Apart from the pictures, write out the records that follow exactly.

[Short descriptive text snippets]
────────

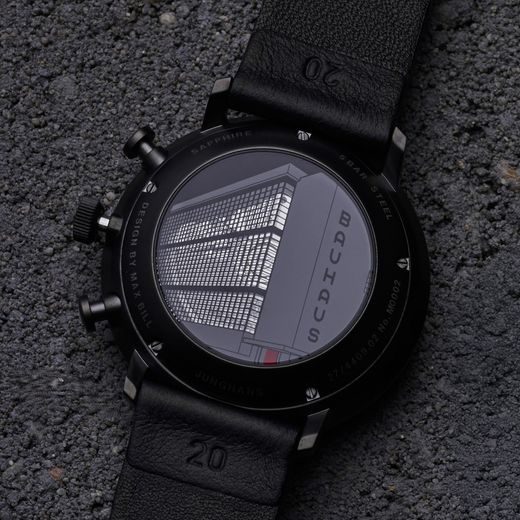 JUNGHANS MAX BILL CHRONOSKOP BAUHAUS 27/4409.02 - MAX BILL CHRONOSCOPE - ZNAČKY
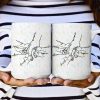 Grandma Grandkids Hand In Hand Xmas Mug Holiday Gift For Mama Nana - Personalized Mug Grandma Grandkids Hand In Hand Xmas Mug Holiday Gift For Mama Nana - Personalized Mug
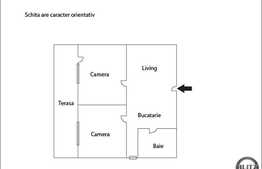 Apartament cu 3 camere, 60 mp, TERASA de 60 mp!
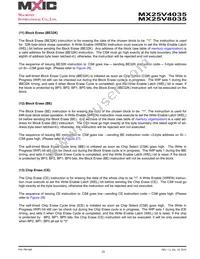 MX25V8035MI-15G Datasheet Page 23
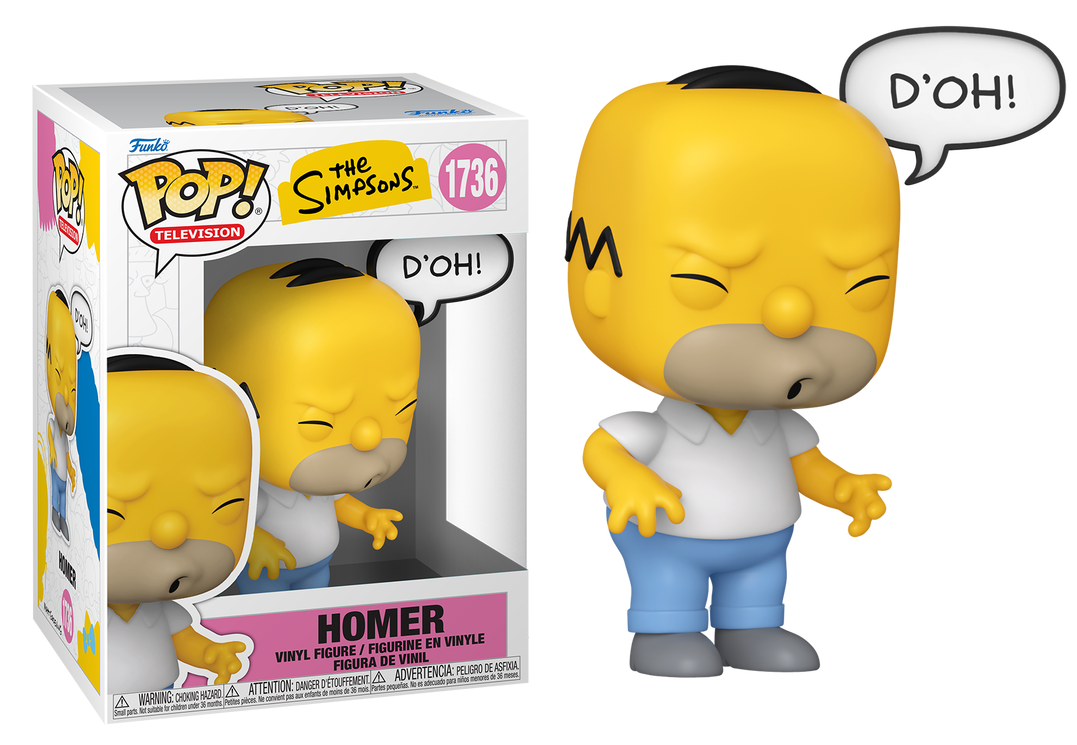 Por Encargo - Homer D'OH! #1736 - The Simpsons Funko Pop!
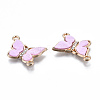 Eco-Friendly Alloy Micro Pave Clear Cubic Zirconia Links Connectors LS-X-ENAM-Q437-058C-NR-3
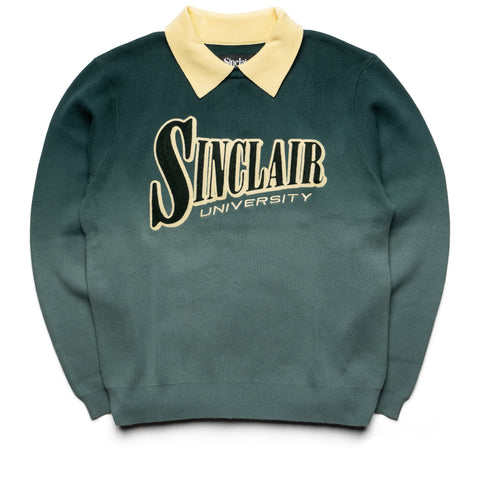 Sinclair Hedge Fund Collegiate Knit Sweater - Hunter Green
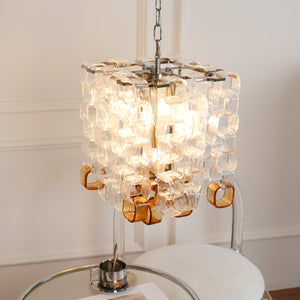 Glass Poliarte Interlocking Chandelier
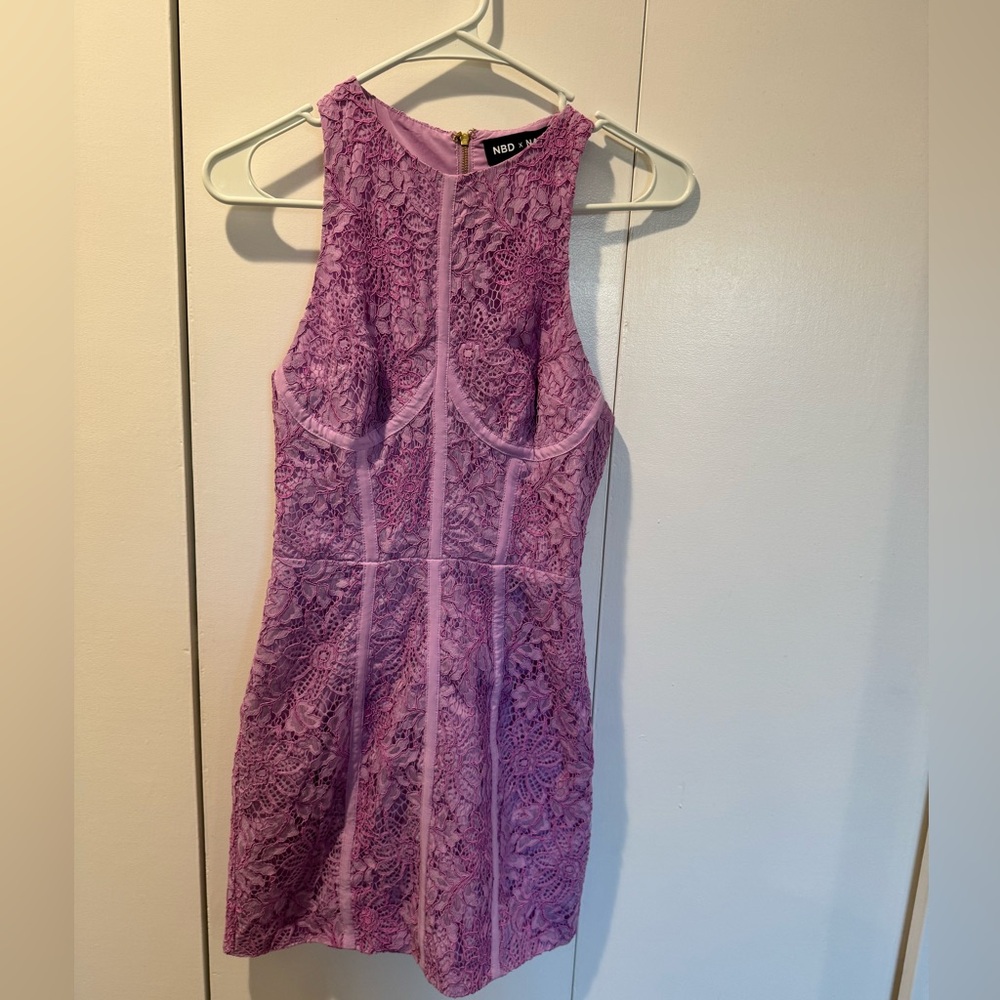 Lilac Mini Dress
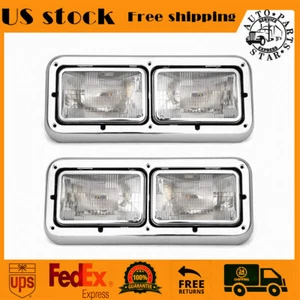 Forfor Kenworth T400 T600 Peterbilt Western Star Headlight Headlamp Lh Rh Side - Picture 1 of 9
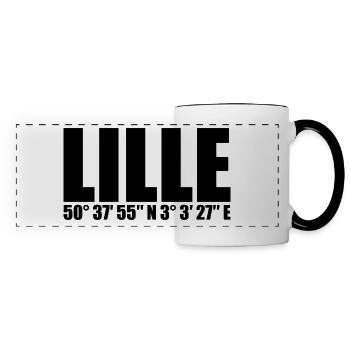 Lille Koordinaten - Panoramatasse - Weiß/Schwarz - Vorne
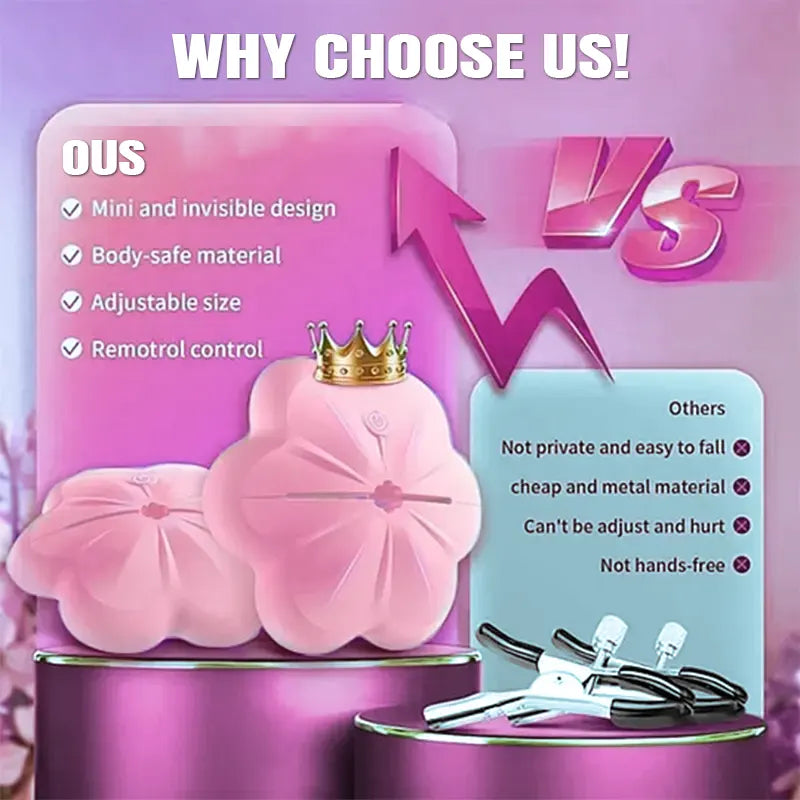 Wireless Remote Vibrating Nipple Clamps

────────

◆ **SOLUTION TO THE PROBLEM**
 JUNGHANS MAX BILL CHRONOSKOP BAUHAUS 27/4409.02 - MAX BILL CHRONOSCOPE - ZNAČKY
 Grandma Grandkids Hand In Hand Xmas Mug Holiday Gift For Mama Nana - Personalized Mug Grandma Grandkids Hand In Hand Xmas Mug Holiday Gift For Mama Nana - Personalized Mug
 Apartament cu 3 camere, 60 mp, TERASA de 60 mp!
 MX25V8035MI-15G Datasheet Page 23
 Por Encargo - Homer D'OH! #1736 - The Simpsons Funko Pop!
 Eco-Friendly Alloy Micro Pave Clear Cubic Zirconia Links Connectors LS-X-ENAM-Q437-058C-NR-3
 Sinclair Hedge Fund Collegiate Knit Sweater - Hunter Green
 Glass Poliarte Interlocking Chandelier
 Lilac Mini Dress
 Forfor Kenworth T400 T600 Peterbilt Western Star Headlight Headlamp Lh Rh Side - Picture 1 of 9
 Lille Koordinaten - Panoramatasse - Weiß/Schwarz - Vorne
 Wireless Remote Vibrating Nipple Clamps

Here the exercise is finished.